6.1 Definitions. “Confidential Information” means any nonpublic information that a reasonable person would know should be kept confidential in light of the nature of its contents or circumstances of its disclosure. Our Confidential Information includes any usernames or passwords we issue to you or that you create, as well as the non-public aspects of the Service and any of our business, technical or financial information. “Disclosing Party” means the party disclosing Confidential Information hereunder, whether such disclosure is directly from Disclosing Party or through Disclosing Party’s employees or agents. “Recipient” means the party receiving any Confidential Information hereunder, whether such disclosure is received directly or through Recipient’s employees or agents. Confidential Information does not include information that: (a) is already known to the Recipient without restriction on use or disclosure prior to receipt of such information from the Disclosing Party; (b) is or becomes generally known by the public other than by breach of this Agreement by, or other wrongful act of, the Recipient; (c) is developed by the Recipient independently of, and without reference to, any Confidential Information of the Disclosing Party; or (d) is received by the Recipient from a third party who is not under any obligation to the Disclosing Party to maintain the confidentiality of such information.
6.2 Requirement of Confidentiality. The Recipient agrees that it will use the same degree of care it uses to protect the confidentiality of its own confidential information of like kind (but not less than reasonable care) to: (a) not disclose or otherwise make available Confidential Information of the Disclosing Party to any third party without the prior written consent of the Disclosing Party, provided that the Recipient may disclose the Confidential Information of the Disclosing Party to its, and its affiliates’, officers, employees, consultants and legal advisors who have a “need to know,” who have been apprised of this restriction and who are themselves bound by nondisclosure obligations at least as restrictive as those set forth in this Section 6; and (b) use the Confidential Information of the Disclosing Party only for the purposes of performing its obligations or as otherwise authorized under this Agreement.
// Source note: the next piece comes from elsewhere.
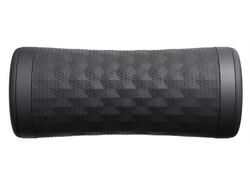 Vyper 3 - Rouleau en mousse vibrant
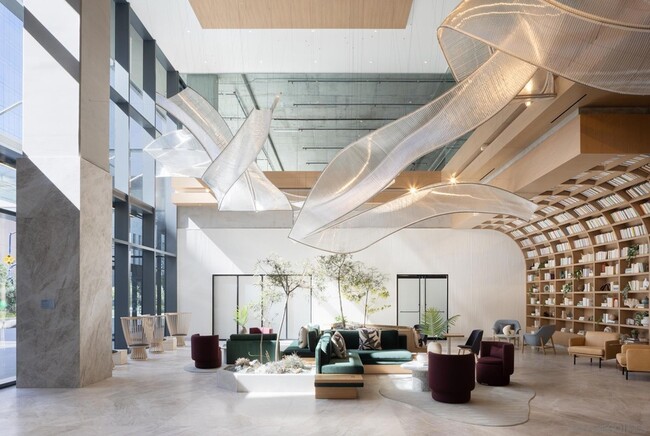 Building Photo - 1011 Union St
The Recipient will promptly notify the Disclosing Party in the event it becomes aware of any loss or disclosure of any of the Confidential Information of Disclosing Party. The Recipient may disclose Confidential Information of the Disclosing Party to the extent compelled by law to do so, provided the Recipient gives the Disclosing Party prior notice of the compelled disclosure (to the extent legally permitted). The obligations in this Section 6 will survive termination and continue for a three year period thereafter, or if the information constitutes a trade secret, indefinitely.
6.3 Feedback. The Service may permit you to or you may otherwise submit feedback, suggestions, enhancement requests, recommendations, and messages relating to the use and operation of the Service. You agree we may freely use and exploit the Feedback without any requirement of confidentiality, other restriction or any duty of accounting.
7. WARRANTY; DISCLAIMERS
7.1 Limited Service Warranty. We warrant that Service will substantially conform to the written functional and technical service specifications we make available from time to time under normal use and circumstances. Your exclusive remedy and our sole obligations for any breach of the foregoing warranty is to the repair or re-perform the Service so that it complies with the foregoing warranty or for you to terminate your use of the Service. We are not responsible for any misuse of the Service or for any issues that arise from any third party product or service.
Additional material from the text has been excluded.